Academics set broad goals because, in addition to being unable to ensure successful publication of their work in top journals, they did not trust PM systems. A female senior lecturer said: The person who chairs the appraisal and the head of school have to tick boxes and say she’s met the objectives. But this information is not confidential to the department - it goes to human resources. So if you haven’t met the objective, it’s stored somewhere in the human resources office.
Another female professor explained that she avoided setting specific goals in order to account for all eventualities. She said: ‘I try to be as non-specific as possible so that I’m not creating any hostages to fortune if I don’t achieve them’.
Academics believed that if they missed their goals, this information would be documented, which they believed could be used against them should their institution wish to do so. Having broad goals was viewed as easier to achieve, an outcome that goes against the tenets of goal setting theory, which exhorts employees to have specific difficult goals at work (Locke and Latham, 2006) and also goes against the view that appraisees need to set stretched goals that motivate improved performance (Murphy and Cleveland, 1995).
Generally, academics’ scepticism about PM motivated them to take a cautious attitude to PM systems; for example, in the way they presented their goals in performance reviews and in the way they managed risks associated with publication by doing research that they considered less adventurous but more likely to be published and so meet performance targets.
Cooking the books
It is widely acknowledged that PM systems are powerful tools by which organisations can inculcate their goals and values in employees and make positive changes to employee behaviour (Pulakos and O’Leary, 2011).

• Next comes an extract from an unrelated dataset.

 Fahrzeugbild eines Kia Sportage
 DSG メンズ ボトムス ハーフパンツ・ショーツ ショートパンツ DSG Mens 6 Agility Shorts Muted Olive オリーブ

However, our interviewees stated that PM systems sometimes encouraged academics to resort to research practices that we term here cooking the books.
Interviewees reported being aware of academics fabricating, misrepresenting or falsifying their research findings to get published in top journals. Fabricating data is defined as ‘making up data or results and recording and reporting them’, whereas falsifying data is defined as ‘manipulating research materials, equipment, or processes, or changing or omitting data or results such that the research is not accurately represented in the research record’ (Bedeian et al., 2010: 716–717).
As in the literature, falsifying or fabricating data was viewed by the interviewed academics as bad research practice. A female professor stated: ‘I know there are people who actually fake data and do all kinds of questionable stuff. I can’t name all the names any more but there have been a few high-profile cases.’ However, despite participants saying that such activities often took place, not many reported having seen their colleagues falsifying or fabricating data, or having heard of their colleagues being caught doing so.
A male professor gave examples of how researchers can manipulate their data. He stated: ‘Other game playing is more at a micro level around publication, like HARKing and dropping participants or increasing participants in certain kinds of studies.’ HARKing (hypothesising after the results are known) refers to the practice of academics changing their hypotheses after data are analysed (Kepes and Mcdaniel, 2013). Another female lecturer criticised PM systems for motivating academics to manipulate their data. She said: When I analyse data, it would be very, very easy for some cases to go missing and you have totally different findings. So while I then put the data on the side and say, oh I can’t publish my findings, if you would delete a few cases, something totally different would come out. I don’t think that would be ethical but I think the REF would encourage that because the REF obviously they want you to publish a lot so you might instead of not using that data, you might.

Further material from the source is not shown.